These days when an online conversation turns to international affairs, even here in Australia, it’s not long before the Ron Paul supporters arrive.
Not since the height of Obamania have so many Australians been so enthusiastic about a US politician. But what makes the passion about Paul even more remarkable is that he’s a Republican — and many of his local fans identify as progressives.
The Obama presidency has disappointed most those who believed intensely in the lofty rhetoric of the campaign. In Australia, the real fervor about Obama came from liberals who saw him as the anti-Bush, a president who would eschew military adventurism, restore the rule of law, and replace W’s blustering stupidity with a calm intelligence.

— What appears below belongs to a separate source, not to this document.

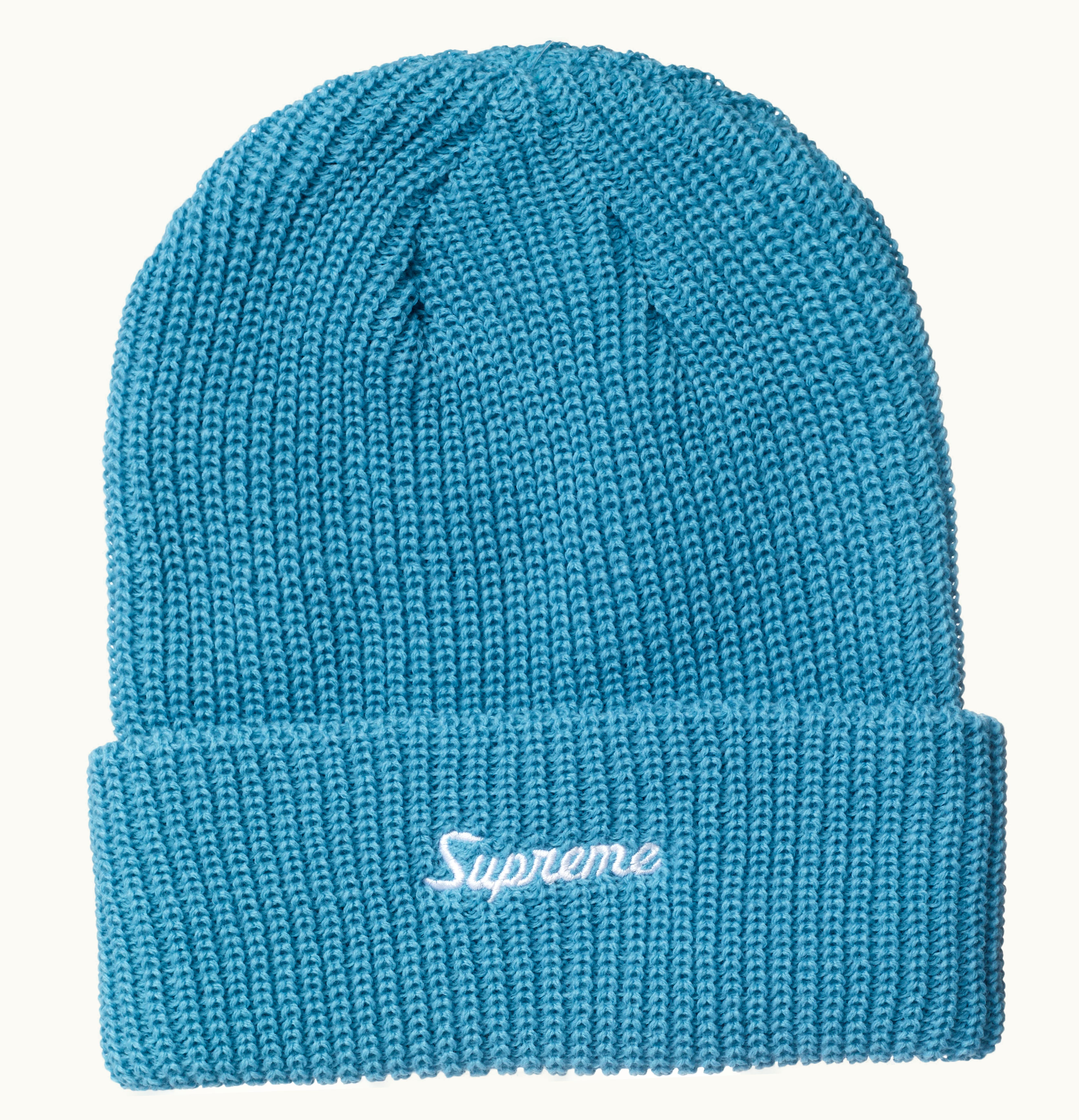 Supreme Supreme Loose Gauge Beanie FW21 Slate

Today, it’s those same liberals who are most conscious of how closely the Obama administration resembles its predecessor, with the new president, as Glenn Greenwald puts it, presiding over a shopping list of measures that "liberalism has long held to be pernicious". Obama, Greenwald continues, has:
"…slaughtered civilians — Muslim children by the dozens — not once or twice, but continuously in numerous nations with drones, cluster bombs and other forms of attack. He has sought to overturn a global ban on cluster bombs. He has institutionalised the power of Presidents — in secret and with no checks — to target American citizens for assassination-by-CIA, far from any battlefield…"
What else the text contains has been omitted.